Brief descriptive captions

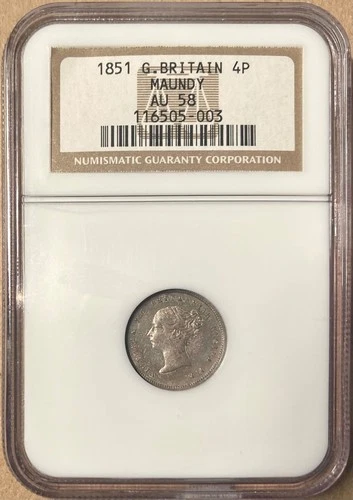 1851 NGC AU58 Great Britain 4P Maundy Coin Queen Victoria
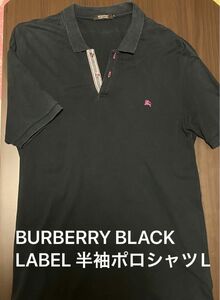 BURBERRY BLACK LABEL 半袖ポロシャツ サイズ3 希少Lサイズ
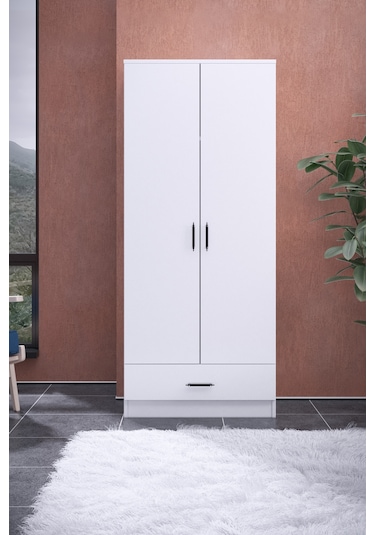 Gubimo 2 Kapıl 1 Çekmeceli Beyaz Gardırop /179cm 76cm 45cm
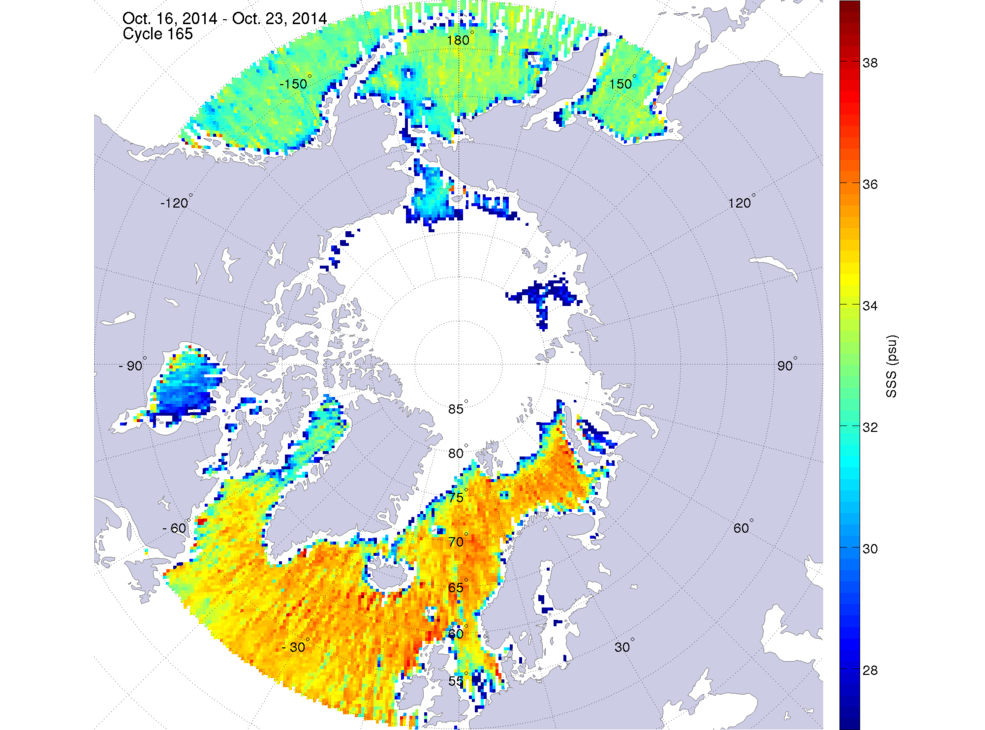 Sea surface salinity maps of the northern hemisphere ocean, week ofOctober 16-23, 2014.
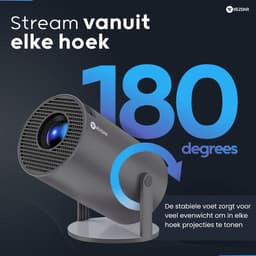 Vendar® YA350 Pro Mini Beamer 2025 – 350 ANSI Lumen – Inclusief HDMI Kabel - Smart Projector met 4K-ondersteuning – Geïntegreerd Android 14 – WiFi 6 & Bluetooth 5.4 – Voor iOS & Android – Thuisbioscoop – Zwart — thumbnail 5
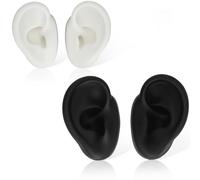 2 Pair Silicone Ear Model, Left and Right Soft Flexible Model Fake Ear Piercing Practice for Jewelry Display Mannequin Teaching Instruction (Black and White)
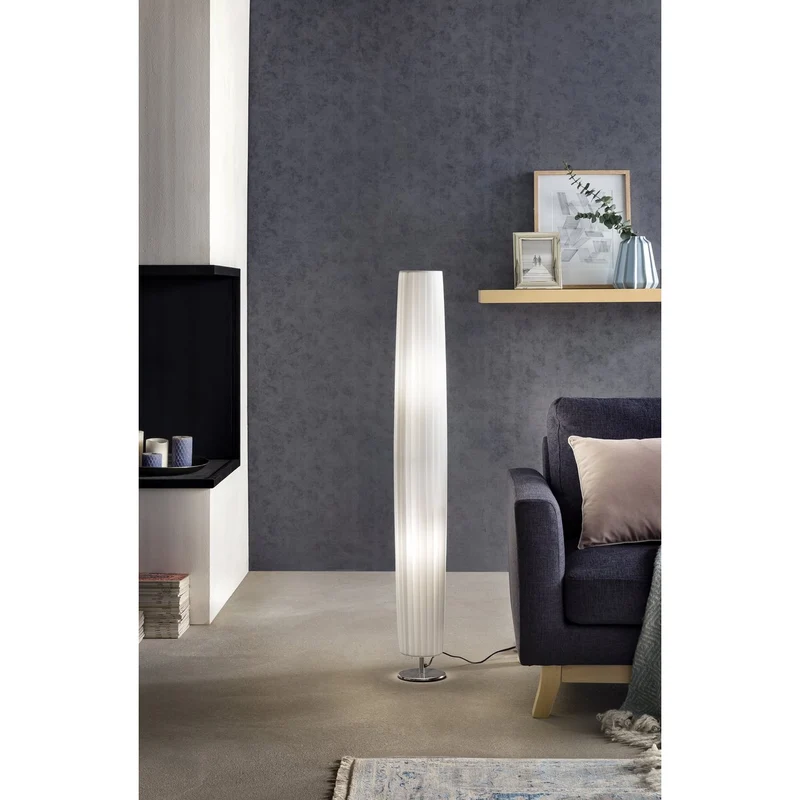 Stehleuchte mit Plisseeschirm und rundem Fuß – Weiß/Chrom, 120 cm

[About this exercise]: Write out the records in full and exactly, omitting the pictures they hold.

[Written response]:
 1851 NGC AU58 Great Britain 4P Maundy Coin Queen Victoria
 BURBERRY BLACK LABEL 半袖ポロシャツ サイズ3 希少Lサイズ
 Gubimo 2 Kapıl 1 Çekmeceli Beyaz Gardırop /179cm 76cm 45cm
 Sea surface salinity maps of the northern hemisphere ocean, week ofOctober 16-23, 2014.
 Vendar® YA350 Pro Mini Beamer 2025 – 350 ANSI Lumen – Inclusief HDMI Kabel - Smart Projector met 4K-ondersteuning – Geïntegreerd Android 14 – WiFi 6 & Bluetooth 5.4 – Voor iOS & Android – Thuisbioscoop – Zwart — thumbnail 5
 2 Pair Silicone Ear Model, Left and Right Soft Flexible Model Fake Ear Piercing Practice for Jewelry Display Mannequin Teaching Instruction (Black and White)
 Stehleuchte mit Plisseeschirm und rundem Fuß – Weiß/Chrom, 120 cm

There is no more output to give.